= Beginning of Section =

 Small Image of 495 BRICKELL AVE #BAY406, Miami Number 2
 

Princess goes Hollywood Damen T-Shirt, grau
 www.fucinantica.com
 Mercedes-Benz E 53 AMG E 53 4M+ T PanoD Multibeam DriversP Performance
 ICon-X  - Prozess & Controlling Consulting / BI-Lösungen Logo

= End of Section =
= Beginning of Section =

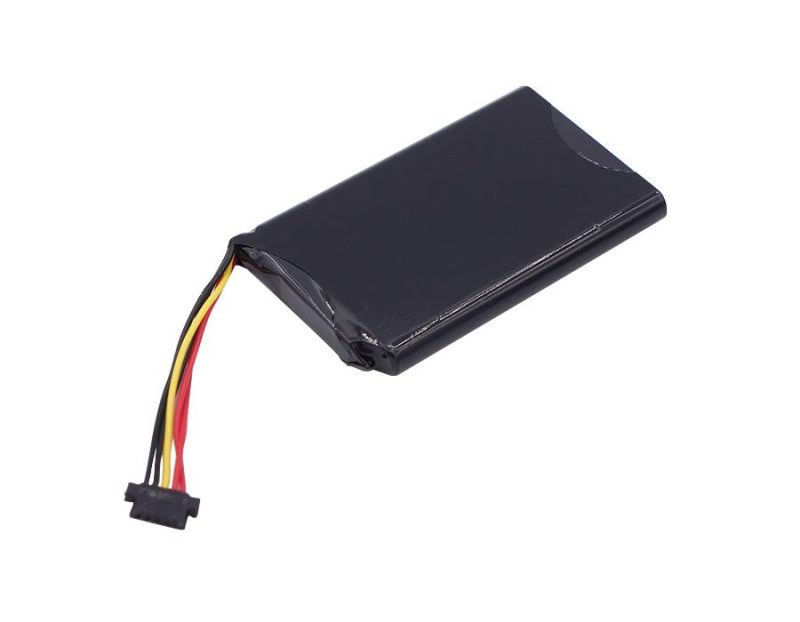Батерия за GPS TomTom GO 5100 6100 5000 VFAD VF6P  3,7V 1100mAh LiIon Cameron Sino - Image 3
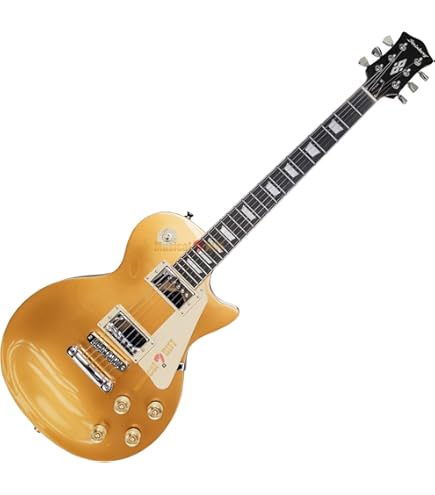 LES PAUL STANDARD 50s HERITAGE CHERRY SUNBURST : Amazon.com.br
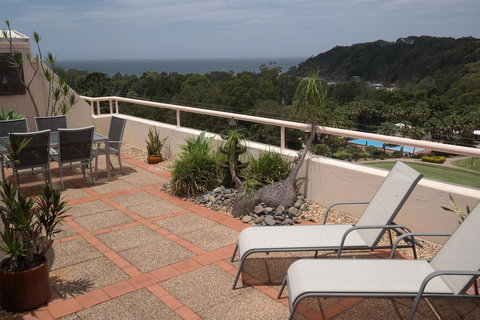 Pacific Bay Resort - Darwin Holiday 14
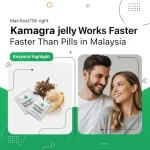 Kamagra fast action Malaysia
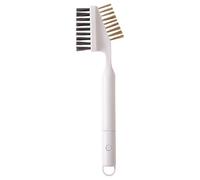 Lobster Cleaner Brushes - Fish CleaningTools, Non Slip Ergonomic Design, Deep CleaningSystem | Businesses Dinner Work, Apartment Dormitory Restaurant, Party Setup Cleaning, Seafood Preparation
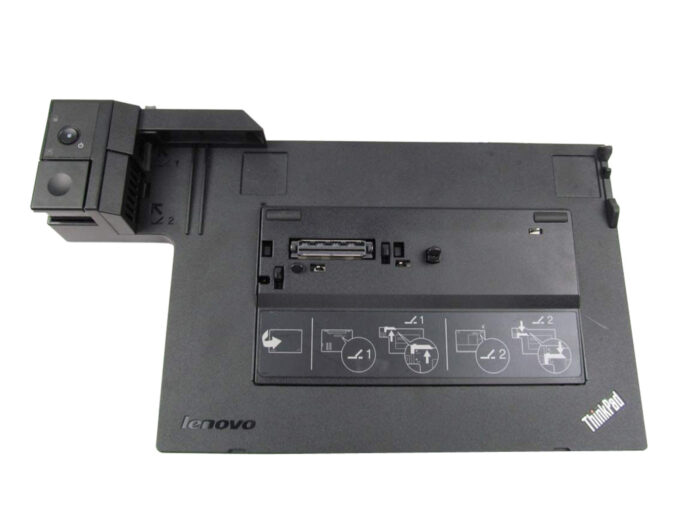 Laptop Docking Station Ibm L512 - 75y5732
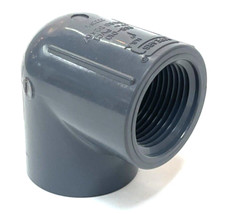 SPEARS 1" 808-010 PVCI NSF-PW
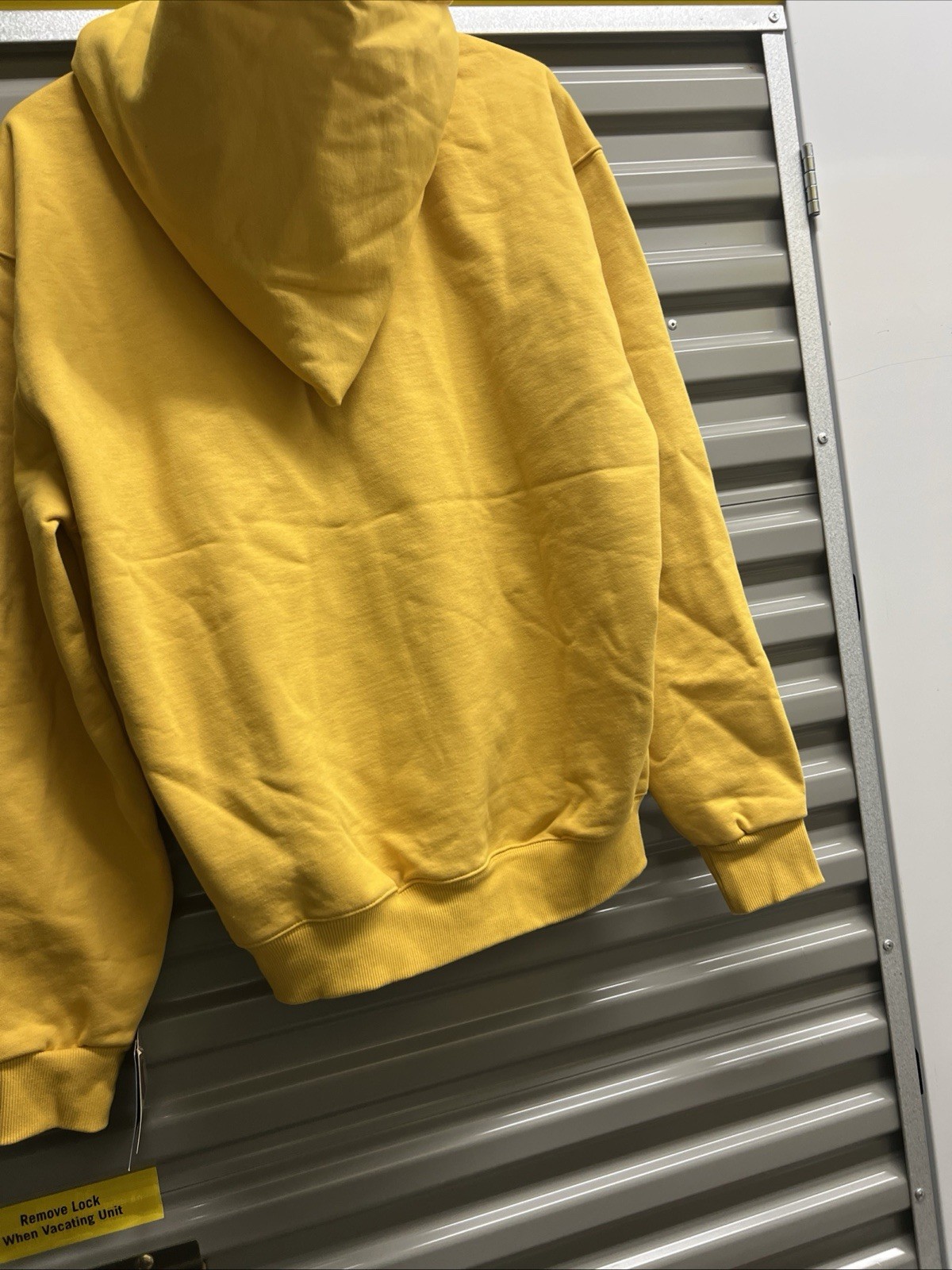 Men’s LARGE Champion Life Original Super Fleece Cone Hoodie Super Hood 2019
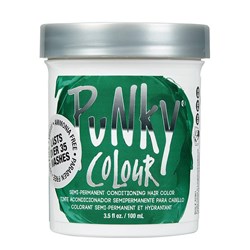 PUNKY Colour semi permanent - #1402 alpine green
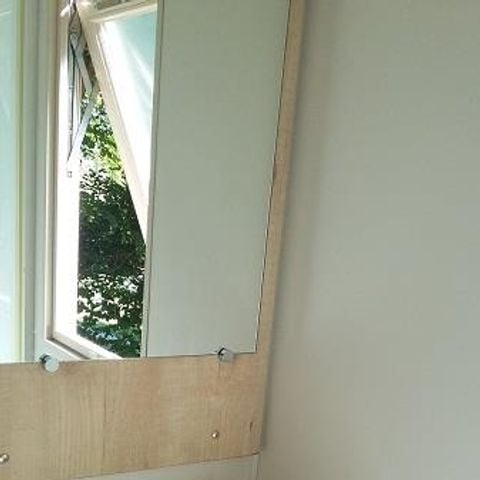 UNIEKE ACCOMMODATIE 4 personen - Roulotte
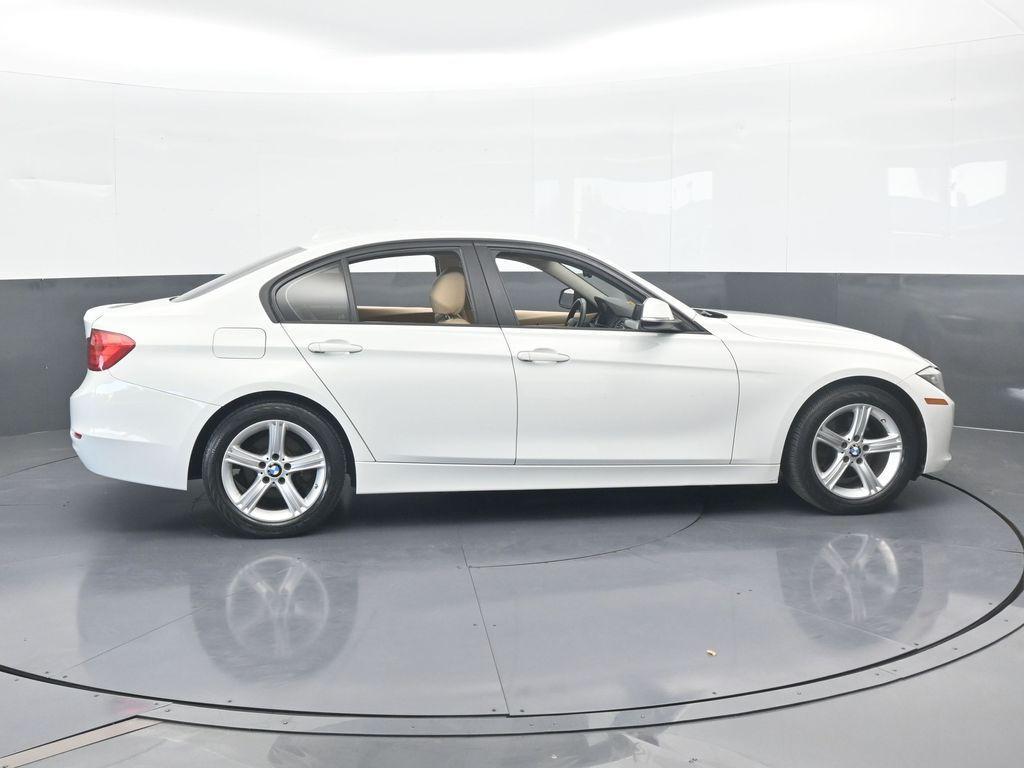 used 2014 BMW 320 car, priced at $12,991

= End of Section =

:: Instructions to follow ::
Copy the lines above exactly, starting at the one with "808-010 PVCI NSF-PW" and ending at the one with "used 2014 BMW 320 car, priced at $12,991", both included. Leave out any pictures and add nothing else.

:: Response ::
 SPEARS 1" 808-010 PVCI NSF-PW
 Men’s LARGE Champion Life Original Super Fleece Cone Hoodie Super Hood 2019
 PUNKY Colour semi permanent - #1402 alpine green
 UNIEKE ACCOMMODATIE 4 personen - Roulotte
 used 2014 BMW 320 car, priced at $12,991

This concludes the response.